Armenta-Castro Arnoldo, de la Rosa Orlando, Aguayo-Acosta Alberto, Oyervides-Muñoz Mariel Araceli, Flores-Tlacuahuac Antonio, Parra-Saldívar Roberto, Sosa-Hernández Juan Eduardo
School of Engineering and Sciences, Tecnologico de Monterrey, Monterrey 64849, Mexico.
Institute of Advanced Materials for Sustainable Manufacturing, Tecnologico de Monterrey, Monterrey 64849, Mexico.
Viruses. 2025 Jan 15;17(1):109. doi: 10.3390/v17010109.
Detection and quantification of disease-related biomarkers in wastewater samples, denominated Wastewater-based Surveillance (WBS), has proven a valuable strategy for studying the prevalence of infectious diseases within populations in a time- and resource-efficient manner, as wastewater samples are representative of all cases within the catchment area, whether they are clinically reported or not. However, analysis and interpretation of WBS datasets for decision-making during public health emergencies, such as the COVID-19 pandemic, remains an area of opportunity. In this article, a database obtained from wastewater sampling at wastewater treatment plants (WWTPs) and university campuses in Monterrey and Mexico City between 2021 and 2022 was used to train simple clustering- and regression-based risk assessment models to allow for informed prevention and control measures in high-affluence facilities, even if working with low-dimensionality datasets and a limited number of observations. When dividing weekly data points based on whether the seven-day average daily new COVID-19 cases were above a certain threshold, the resulting clustering model could differentiate between weeks with surges in clinical reports and periods between them with an 87.9% accuracy rate. Moreover, the clustering model provided satisfactory forecasts one week (80.4% accuracy) and two weeks (81.8%) into the future. However, the prediction of the weekly average of new daily cases was limited (R = 0.80, MAPE = 72.6%), likely because of insufficient dimensionality in the database. Overall, while simple, WBS-supported models can provide relevant insights for decision-makers during epidemiological outbreaks, regression algorithms for prediction using low-dimensionality datasets can still be improved.
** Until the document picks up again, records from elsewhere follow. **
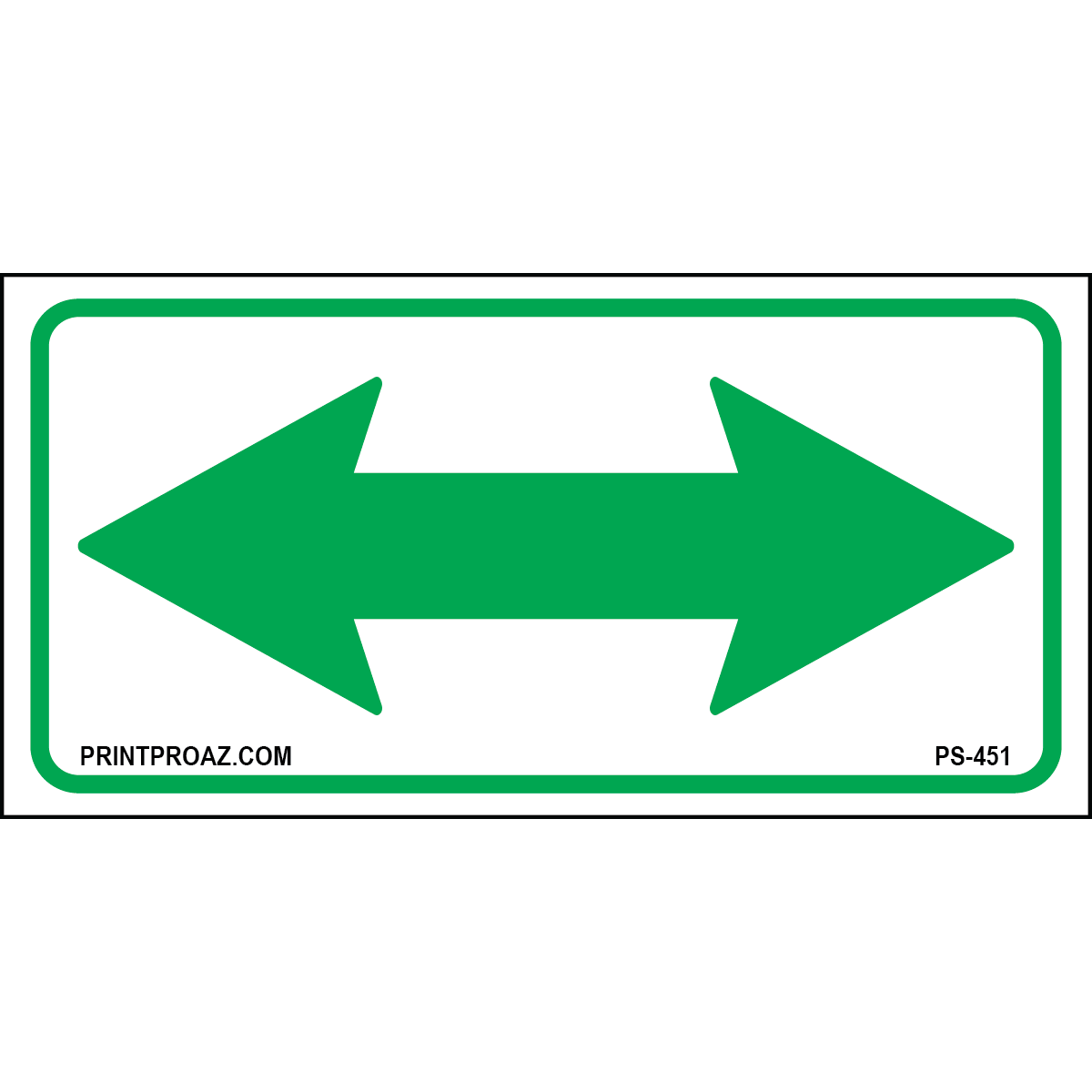 12x6 Green Double Arrow Sign, Aluminum, PS-451
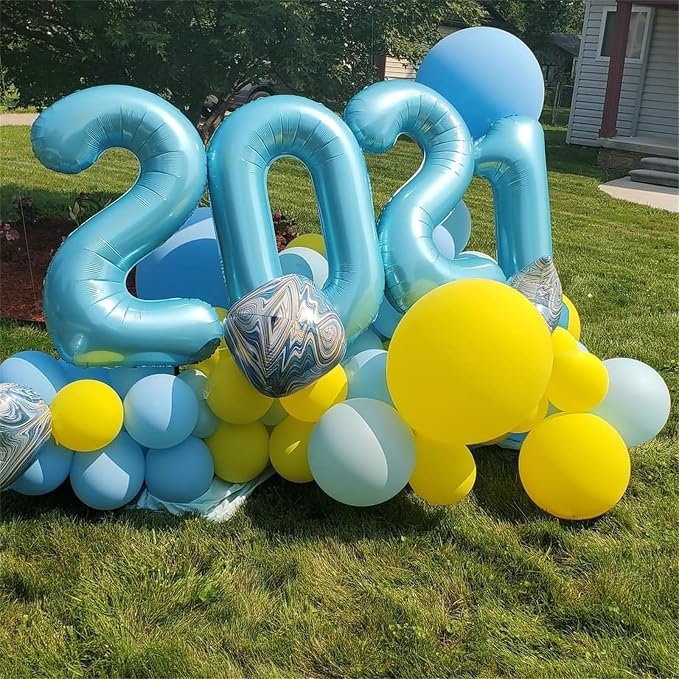40 Inch 2nd 20th Birthday Number Balloon, Baby Blue Foil Giant Self Inflating - Image 5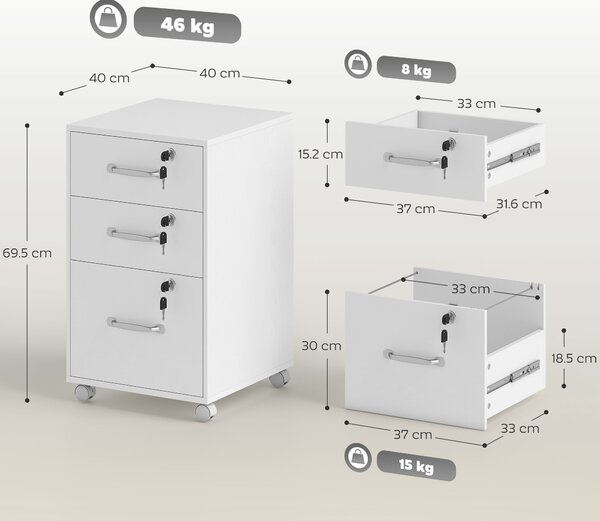 HOMCOM Three Drawer Wood-Effect Filing Cabinet - White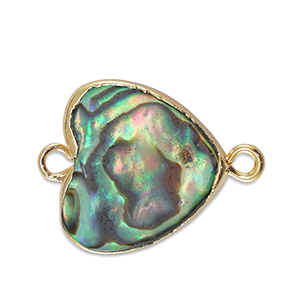 Perle di acqua dolce distanziatore cuore oro-verde oceano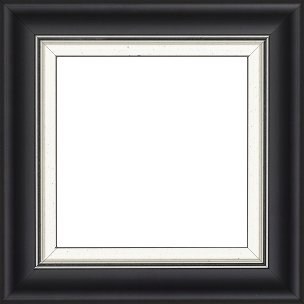 Cadre bois profil incurvé largeur 5.7cm de couleur noir mat  marie louise blanche mouchetée filet argent intégré - 60x60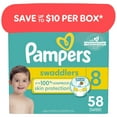 Pampers Swaddlers Size 8 Diapers, 58 Count - Leak-Guard Protection with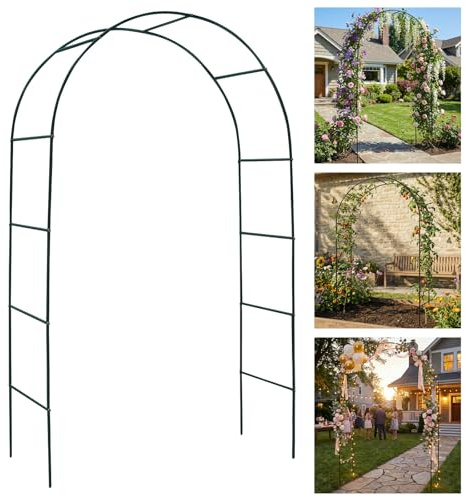 Metal Pergola Arbor, Outdoor Flower Garden Arch Trellis, Durable Steel Garden Arbor for Climbing Plants, Wedding Decoration, 7'8 H x 4'5 W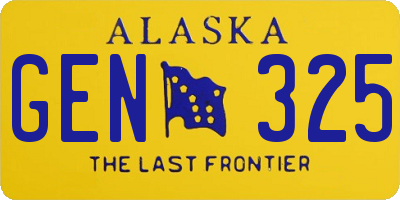 AK license plate GEN325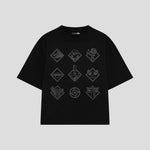 Playera streetwear premium de anime y gaming ExtraLife MX, corte boxy oversized drop shoulder heavyweight en color Deep Black y Off-White, moda urbana mexicana de culto.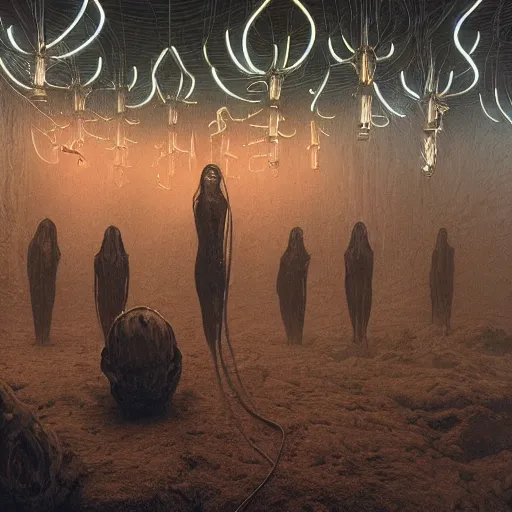 Image similar to demonic ritual, neon, they are watching, RGB, glowing wires everywhere, rods, pristine, by Juni ito, Ross Tran, Zdzisław Beksiński, and Michael Whelan, distant, gustav dore, H.R. Giger, 8k, octane render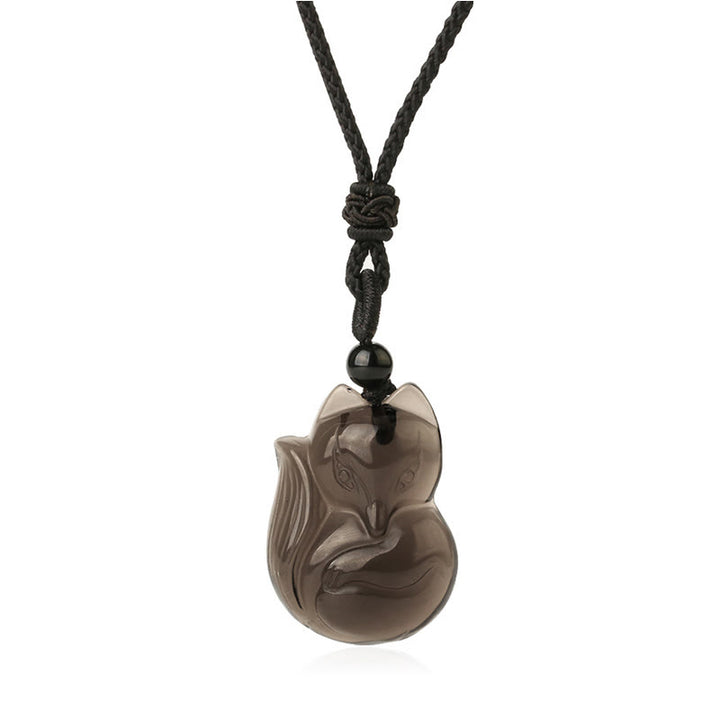 Buddha Stones Naturalny Czarny Obsydian Tygrysie Oko Lodowy Obsydian Lis Wisiorek Amulet Naszyjnik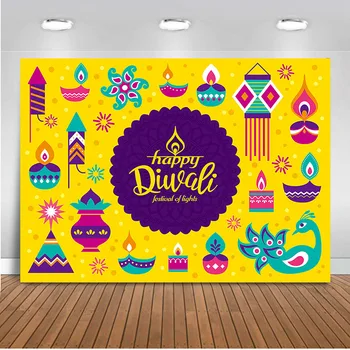 

Photography Background Soil Lamps 7x5 Colorful Purple Sky Flower Lights Backdrop for Diwali Festival Party Decor happy diwali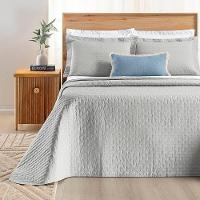 Kit Cobre Leito Colcha Marley Queen Dupla Face - Cinza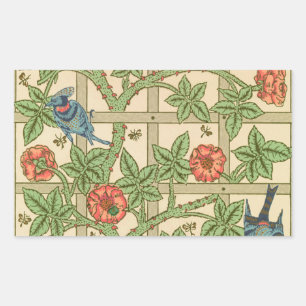William Morris Trellis Classic Wallpaper Design Rectangular Sticker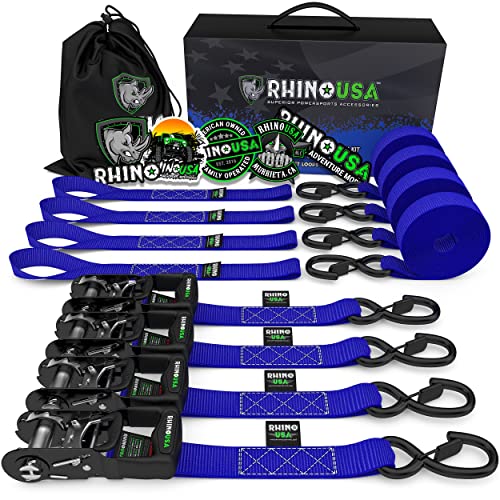 RHINO USA طقم ربط أحزمة السقاطة ، 5،208 قوة كسر - تتضمن (4) مشابك ربط متينة مع مقابض مبطنة وخطافات مطلية بالكرومولي S + (4) حلقات ربط حلقي ناعمة RHINO USA طقم ربط أحزمة السقاطة ، 5،208 قوة كسر - تتضمن (4) مشابك ربط متينة مع مقابض مبطنة وخطافات مطلية بالكرومولي S + (4) حلقات ربط حلقي ناعمة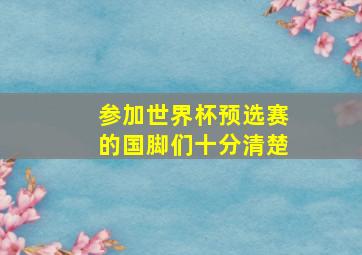 参加世界杯预选赛的国脚们十分清楚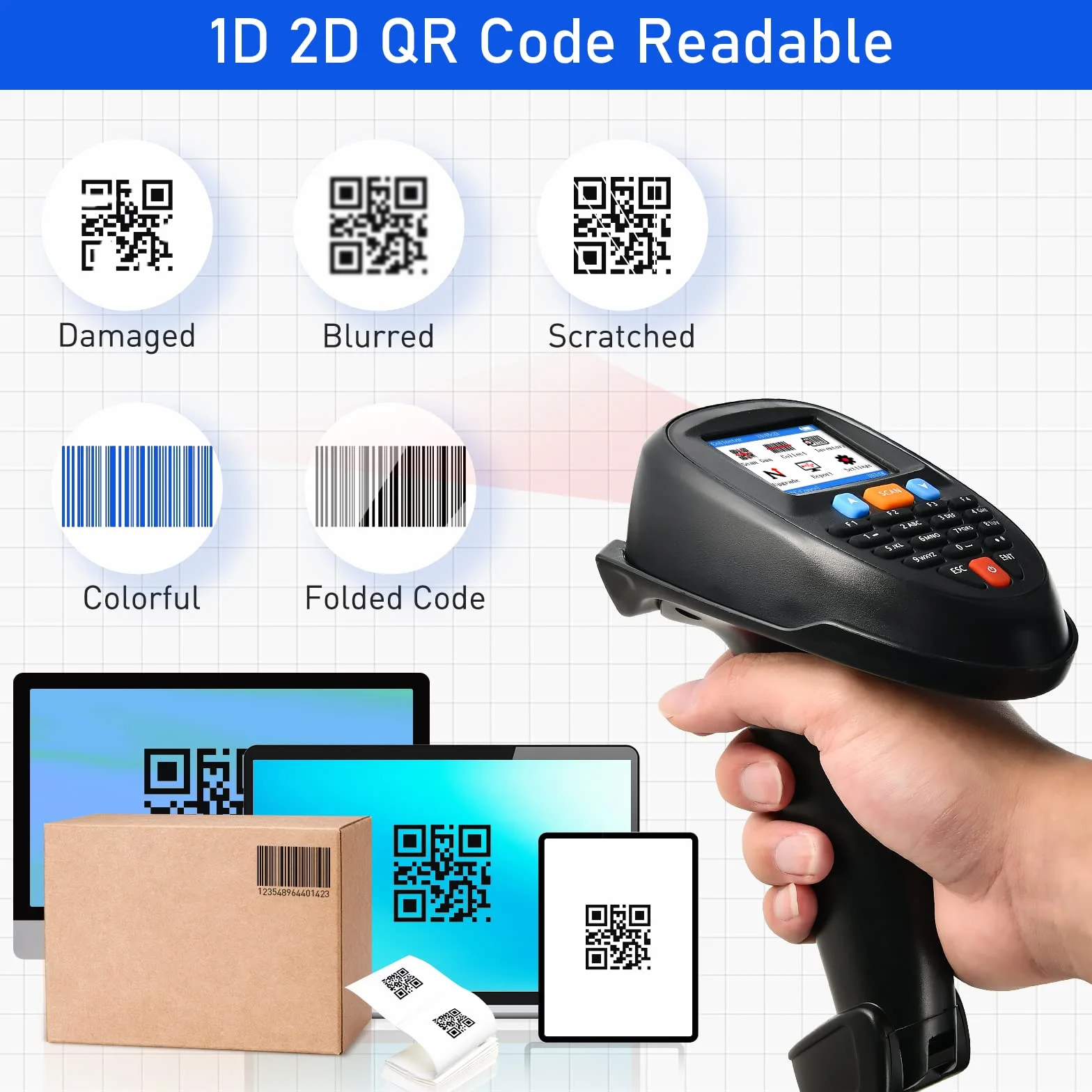 Escáner de códigos de barras inalámbrico, lector de códigos de barras portátil, 1D, 2D, PDF, escáner de inventario, colector de datos, escáner de códigos de barras portátil con pantalla LCD de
在废水样本中检测和量化与疾病相关的生物标志物,即基于废水的监测(WBS),已被证明是一种以高效省时且资源节约的方式研究人群中传染病流行情况的有价值策略,因为废水样本代表了集水区内的所有病例,无论这些病例是否有临床报告。然而,在公共卫生紧急事件(如新冠疫情)期间,分析和解释用于决策的WBS数据集仍是一个有待发展的领域。在本文中,利用2021年至2022年期间从蒙特雷和墨西哥城的污水处理厂(WWTPs)及大学校园采集的废水样本所获得的数据库,训练基于简单聚类和回归的风险评估模型,以便在高富裕度设施中采取明智的预防和控制措施,即便处理的是低维数据集且观测数量有限。当根据7天平均每日新增新冠病例是否高于某个阈值对每周数据点进行划分时,所得聚类模型能够以87.9%的准确率区分临床报告激增的周数和其间的时间段。此外,该聚类模型对未来一周(准确率80.4%)和两周(准确率81.8%)提供了令人满意的预测。然而,对每日新增病例周均值的预测有限(R = 0.80,平均绝对百分比误差 = 72.6%),这可能是由于数据库维度不足所致。总体而言,虽然简单,但基于WBS的模型可为流行病爆发期间的决策者提供相关见解,利用低维数据集进行预测的回归算法仍有改进空间。